Op 25 juli 1943 nam maarschalk van Italië Pietro Badoglio het stokje over als premier van Italië. Al in juli 1943 voerde hij gesprekken met vertegenwoordigers van de geallieerden in Lissabon en op 3 september 1943 ondertekende hij de akte van onvoorwaardelijke overgave van Italië.

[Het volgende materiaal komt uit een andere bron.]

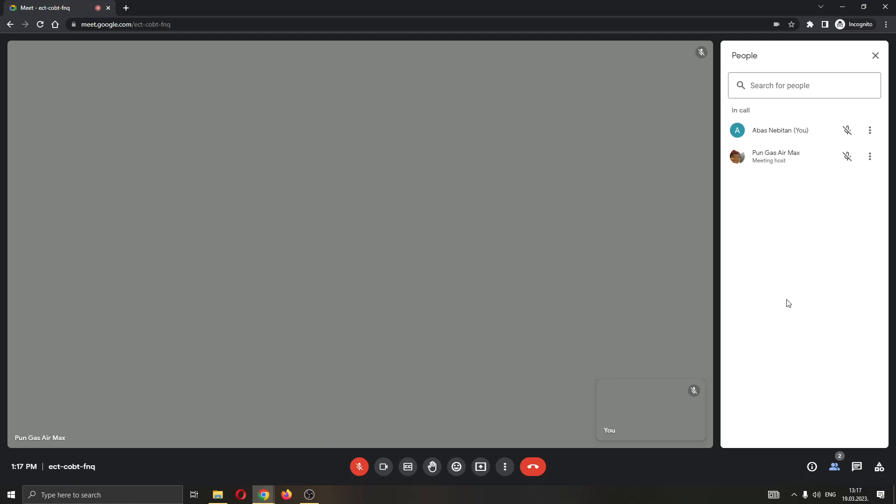But sadly there isn't a button that will allow you to request the controls. You have to do it manually. So basically that's how you do it.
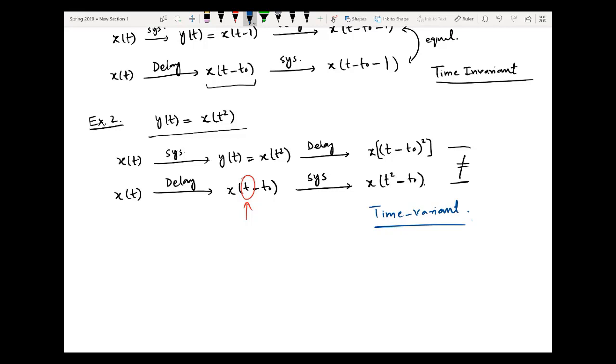Through this procedure you can easily check whether a system is time invariant or not. Thank you very much for listening — hope you have got the concept.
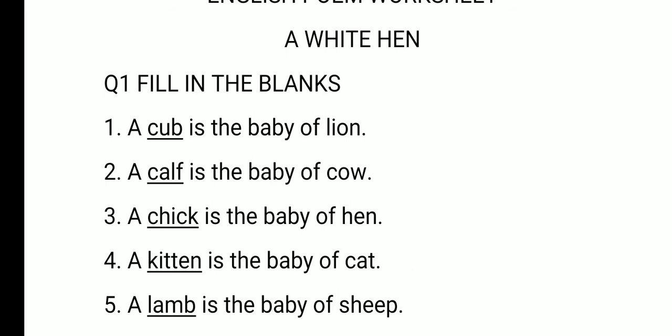A blank is the baby of cat. The baby of cat is called kitten — K-I-T-T-E-N. A kitten is the baby of cat. Next, a blank is the baby of sheep. The baby of sheep is called lamb — L-A-M-B.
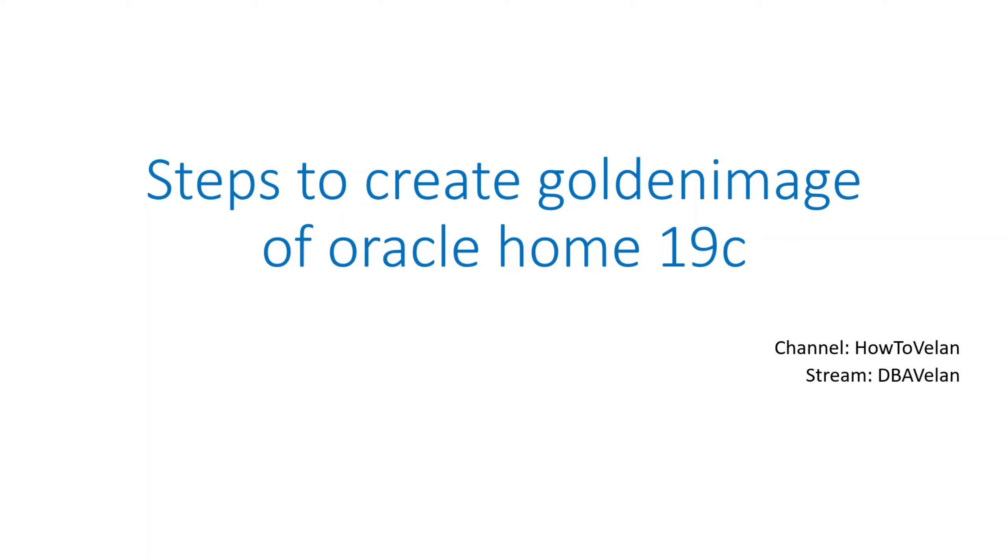Hello friends, good morning. Welcome to HowToValent channel and this is DBAValent stream. In this video today, we are going to see the steps involved in creating an Oracle home's golden image.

De langdurige oorlog in Italië brak eigenlijk de plannen van de westerse coalitie voor de snelle bevrijding van het land en de daaropvolgende invasie van de Balkan en het Donau-laagland. De Amerikanen en de Britten zaten stevig vast in Frankrijk en Italië. Daarentegen waren de Sovjet-troepen behoorlijk succesvol naar het westen aan het trekken. Het offensief van het Rode Leger in het voorjaar van 1944 leidde tot een ernstige nederlaag van de in het zuiden van Oekraïne geconcentreerde nazi-troepen. In augustus 1944 leden de verenigde Duits-Roemeense legers een verpletterende nederlaag in de richting van Iasi-Kishinev. Op 23 augustus 1944 brak er een volksopstand uit in Boekarest, waarbij koning Mihai van Roemenië de rebellen steunde en opdracht gaf tot de arrestatie van maarschalk Ion Antonescu en verschillende andere pro-Hitler-politici. De macht in Roemenië veranderde, wat de op het grondgebied van het land gestationeerde Duitse troepen onmiddellijk probeerden te voorkomen. Maar het was al te laat. 50 divisies van het Rode Leger werden gestuurd om de opstand te helpen, en op 31 augustus 1944 kwamen eenheden van het Rode Leger Boekarest binnen, gecontroleerd door de Roemeense rebellen.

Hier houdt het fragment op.